Bogdan Ionut Cirstea comments on Interpreting the Learning of Deceit

Bogdan Ionut Cirstea 29 Dec 2023 22:33 UTC
1 point
2
Some relevant references for the claim, especially w.r.t. the interpretability of lying models: https://twitter.com/jam3scampbell/status/1729981510588027173 (and the whole thread), ‘The second phenomenon, false induction heads, are a possible mechanistic cause of overthinking: these are heads in late layers that attend to and copy false information from previous demonstrations, and whose ablation reduces overthinking.’ (from https://arxiv.org/abs/2307.09476).
- Bogdan Ionut Cirstea 2 Mar 2024 0:39 UTC
  3 points
  0
  Parent
  Also relevant: Language Models Represent Beliefs of Self and Others.
  - RogerDearnaley 20 Oct 2024 20:21 UTC
    4 points
    0
    Parent
    That’s a great paper on this question. I would note that by the midpoint of the model, it has clearly analyzed both the objective viewpoint and also that of the story protagonist. So presumably it would next decide which of these was more relevant to the token it’s about to produce — which would fit with my proposed pattern of layer usage.

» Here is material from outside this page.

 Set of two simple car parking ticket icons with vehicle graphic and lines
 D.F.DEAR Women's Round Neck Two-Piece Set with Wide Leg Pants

- RogerDearnaley 20 Oct 2024 20:37 UTC
  2 points
  0
  Parent
  A great paper highly relevant to this. That suggests that lying is localized just under a third of the way into the layer stack, significantly earlier than I had proposed. My only question is whether the lie is created before (at an earlier layer then) the decision whether to say it, or after, and whether their approach located one or both of those steps. They’re probing yes-no questions of fact, where assembling the lie seems trivial (it’s just a NOT gate), but lying is generally a good deal more complex than that.